Through her work with Metamorphosis Wilson’s work has travelled to Suriname to represent Trinidad and Tobago at Carifesta XI (2013), Costa Rica (2014) as a part of the country’s celebration of Trinidad and Tobago’s 50th Anniversary of their independence and most recently to Edinburgh, Scotland for the Booking Dance Festival as a part of the Edinburgh Fringe Festival (2015). In Trinidad, Wilson was a member of the choreography and production team for the Opening Ceremony of The Fifth Summit of The Americas (2009) and was the choreographer of the opening and closing performance for one the country’s highlight events at Carnival celebrations; The National Carnival Commission Kings and Queens of Carnival Competition. Continuing her involvement in Trinidad and Tobago’s Carnival (the country’s main source of tourism), Wilson is the choreographer and a member of the stage production team of The Lost Tribe Carnival band whose presentations have won 2nd place in 2016 and 2017 in the country’s National Carnival Commission Parade of The Bands Competition (Land Band Category); The Lost Tribe first entered the Carnival arena in 2016.

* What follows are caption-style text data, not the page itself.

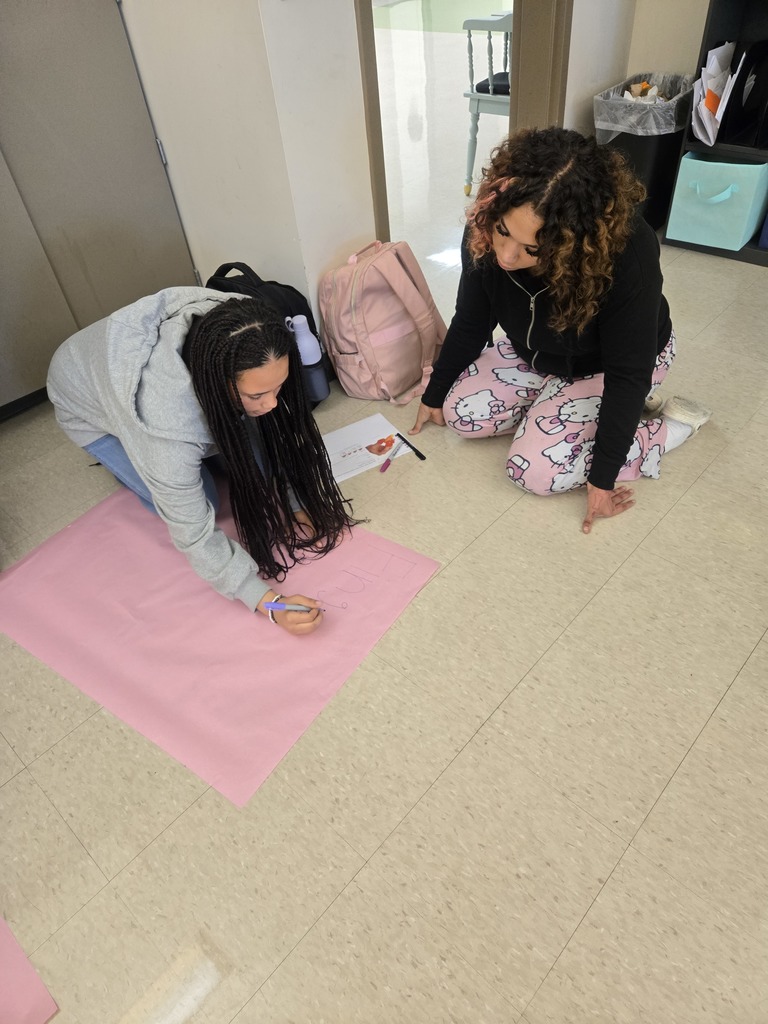 Members work on their advertisement 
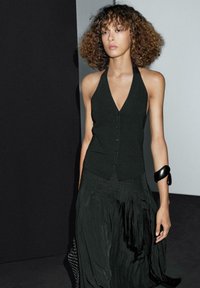 Black halter top with a V-neck and button detail, paired with a flowy black pleated skirt. Worn with a black bangle on the wrist.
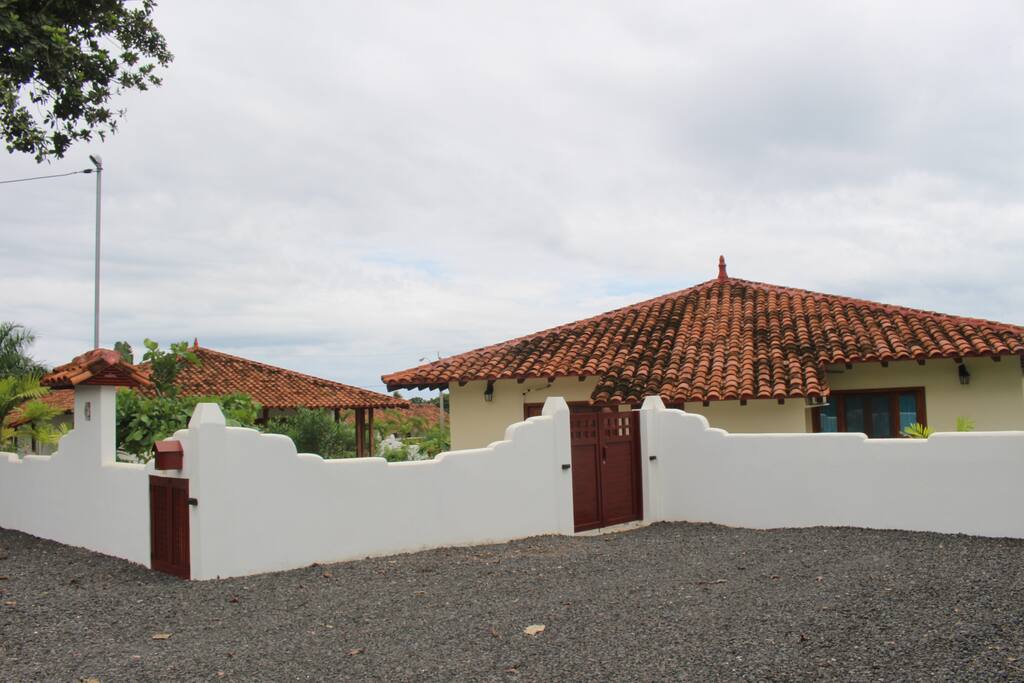 Oversized parking for two cars with gated fence around the property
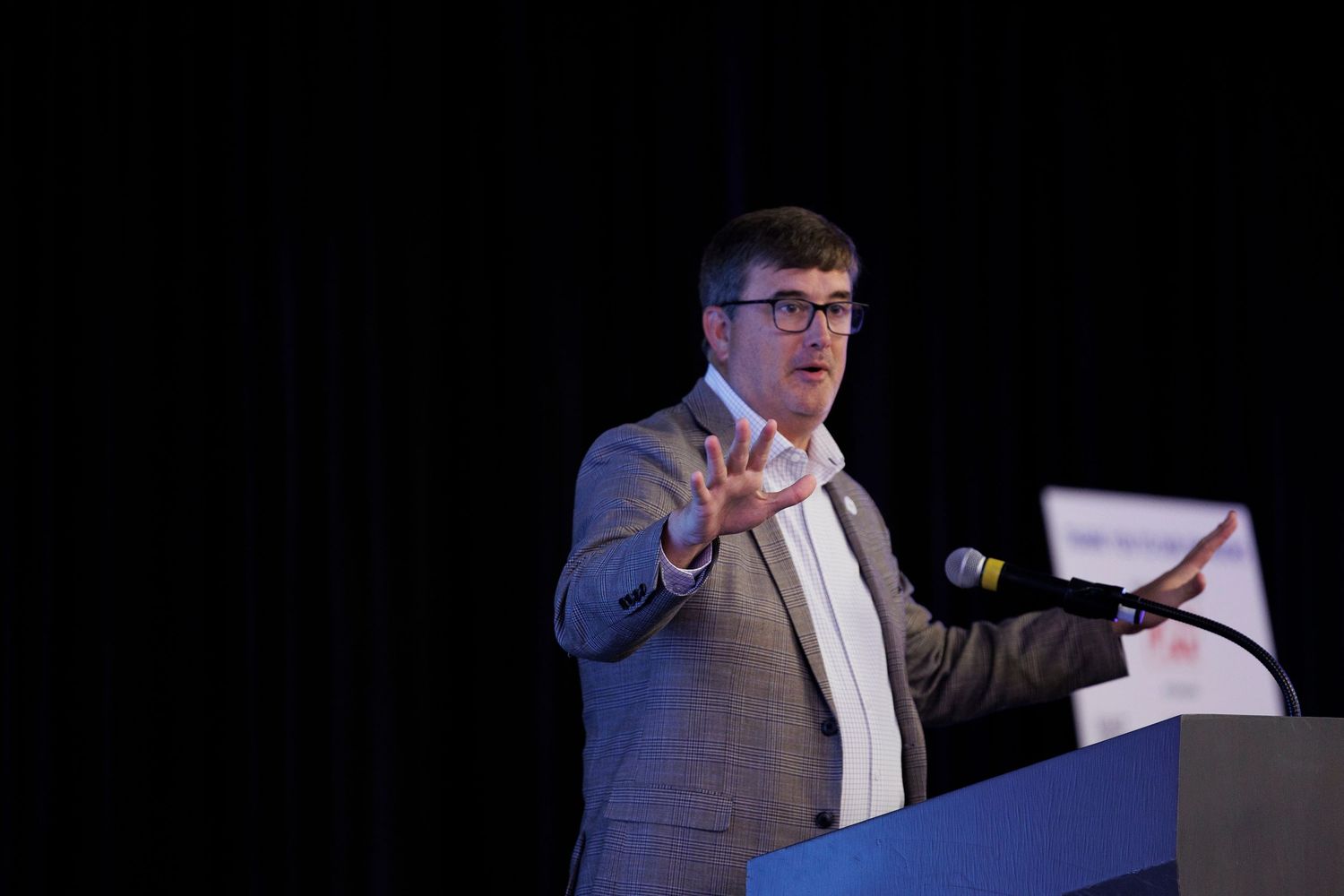 Speaker in gray blazer gestures while presenting at a podium during a professional conference.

As a teacher, Bridgette was appointed Head of Visual and Performing Arts of Maria Regina Grade School (2011) and developed an afternoon dance program to give primary school students an opportunity to explore different styles. The program included basic learning of ballet, jazz and tap dancing skills and held performances for the school community and on occasion were invited to perform at public events.
Exceptionally talented students were invited by Wilson to take Tap Examinations from the Imperial Society of Teachers of Dancing (ISTD) and invited to further develop their skills by enrolling in the Caribbean School of Dancing (CSD). In 2015, Wilson left Maria Regina to take up the position of Assistant to the Principal at CSD where she taught Royal Academy of Dancing (RAD) syllabus classical ballet and ISTD Modern, Jazz and Tap dance classes while still ensuring that the afternoon dance program she had developed at Maria Regina continued to flourish.
Wilson has recently returned from London where she completed a Masters of Arts in Choreography at the internationally recognized Trinity Laban Conservatoire of Music and Dance. She awarded a Leverhulme Arts Scholarship to assist in the completion of these studies. Her research focused on the euphoric levels associated with different styles and choreographic structures of dance and how this affects dancers’ pain threshold levels. Wilson holds an Associate in Modern Theatre Dance from the Imperial Society of Teachers of Dancing and a Certificate in Higher Education in Ballet Teaching from the Royal Academy of Dancing. She was the first recipient of the COCO Choreographer’s Award in 2012 at Trinidad and Tobago’s COCO Dance Festival and was nominated for a National Youth Award in Dance in 2015.